On December 22, 2020, the U.S. Department of Labor (DOL) issued a final rule revising certain regulations under the Fair Labor Standards Act (FLSA) related to tipped employees. However, because of the timing of the new rule, it is unclear whether it will survive when President-Elect Biden takes office next month.
Under the DOL’s existing regulations, an employer may take a “tip credit” against the employer’s federal minimum wage obligations for tips received by its tipped employees. It also may institute a mandatory “tip pool” in which tips are shared among workers who “customarily and regularly receive tips” while still availing itself of a tip credit for workers in the tip pool. The DOL’s new rule leaves this framework in place, but makes three changes to the regulations pertaining to tip credits and tip pools. First, an employer may now institute a mandatory “nontraditional” tip pool that includes employees who do not customarily and regularly receive tips, such as cooks and dishwashers, so long as the employer does not take a tip credit against the wages of the employees in that tip pool. In other words, employees in such a tip pool will need to be paid at least the federal minimum wage, without factoring any tips.
Second, an employer may apply the tip credit to time that a tipped employee spends performing non-tipped duties related to his or her tipped duties, so long as the non-tipped duties are performed contemporaneously with, or “for a reasonable time immediately before or after,” the tipped duties. This is consistent with guidance issued by the DOL in late 2018 and represents a change from previous guidance under which tip credits could not be claimed if employees spend more than 20% of their time on non-tipped duties. The rule does not define “for a reasonable time,” but rather suggests that the focus will be on “whether an employee is functionally engaged in one occupation or two.”
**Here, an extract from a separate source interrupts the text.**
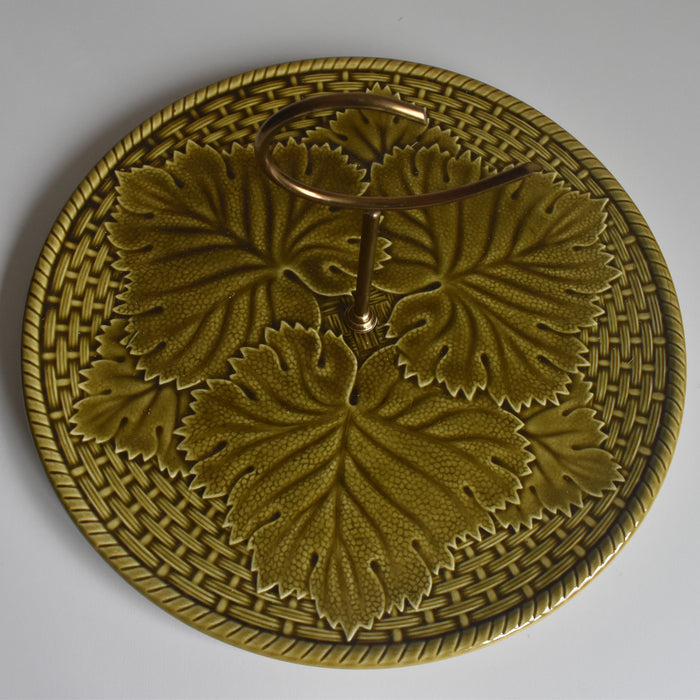 ヴィンテージチーズサービースプレート ジアン バルボティーヌ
Third, the final rule implements statutory language passed by Congress in 2018 that prohibits employers, including managers and supervisors, from keeping any portion of tips earned by tipped employees, whether or not the employer takes a tip credit. This does not, however, prohibit managers or supervisors from earning tips themselves, and nor does it prevent employers from deducting the actual costs of credit card processing charges from employee tips.
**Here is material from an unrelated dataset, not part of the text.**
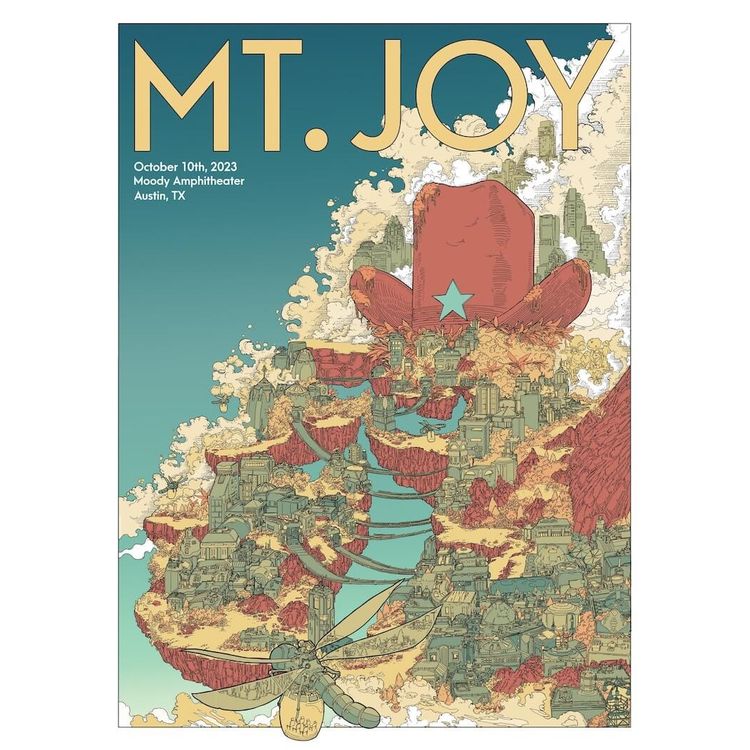 Mt. Joy at Moody Amphitheater by Taylor Adams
The final rule will be implemented within 60 days of publication in the Federal Register. However, because the Trump administration did not implement the rule earlier, the Biden administration may be able to stop it before it even takes effect as the rule is generally opposed by Democratic lawmakers and organized labor. Moreover, employers should also be aware that state law, such as the Massachusetts Tip Act, may provide for stricter restrictions on tip credits and tip pooling. Accordingly, employees with tipped employees should consult with their employment counsel before implementing any changes to their tip credit and tip pooling practices.